What is a subluxation?

Chiropractic was founded by Daniel David Palmer in the United States in 1895. DD Palmer, as he is more commonly known, was a grocer and magnetic healer who had a deep interest in spiritualism and had come to believe, erroneously, that most diseases were the result of ‘nerve interference’ caused by misaligned vertebrae (‘subluxations’ — as defined by chiropractors). He also mistakenly believed that health could be restored and maintained by the administration of spinal ‘adjustments’ to correct these misalignments. He hypothesised that such adjustments would help a patient to achieve optimal health or ‘wellness’ by allowing the spinal cord to express its ‘Innate Intelligence’ (a metaphysical, non-measurable entity, sometimes known as the ‘vital force’).

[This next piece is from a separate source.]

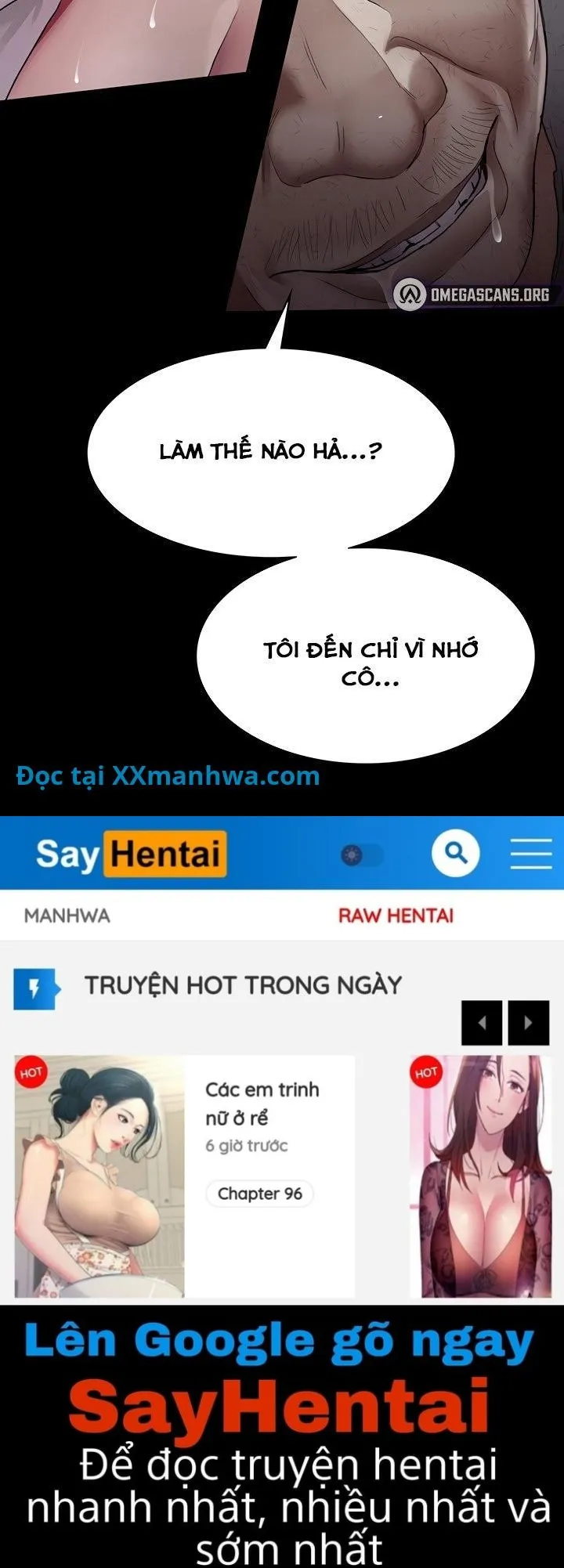 đọc truyện Bệnh Viện Dâm Ô Chương 21 ảnh 42 tại Giả Dược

However, this particular vitalistic philosophy, which is exclusive to chiropractic, has never stood up to scientific scrutiny. It has been shown to be anatomically impossible for misaligned vertebrae to interfere with the autonomic (involuntary) nervous system and no one has ever been able to demonstrate that subluxations exist or cause disease by theoretically compromising neural integrity. A recent study by three chiropractors and a PhD concluded:

There is a significant lack of evidence in the literature to fulfill Hill’s criteria of causation as regards chiropractic subluxation. No supportive evidence is found for the chiropractic subluxation being associated with any disease process or of creating suboptimal health conditions requiring intervention. Regardless of popular appeal this leaves the subluxation construct in the realm of unsupported speculation. This lack of supportive evidence suggests the subluxation construct has no valid clinical applicability.

Today, the vast majority of chiropractors are still in the business of detecting such imaginary ‘subluxations’, frequently with x-rays. This is known as traditional chiropractic practice as opposed to a much rarer and more rational form of chiropractic that limits itself to providing scientific manual therapy, including evidence-based spinal manipulation.

It is very important to understand that spinal manipulation therapy is a technique that some chiropractors have adopted, because often chiropractors seem to confuse the two approaches, perhaps to give their practices an air of legitimacy, although many others will admit outright that traditional subluxation-based chiropractic beliefs are central to their interventions.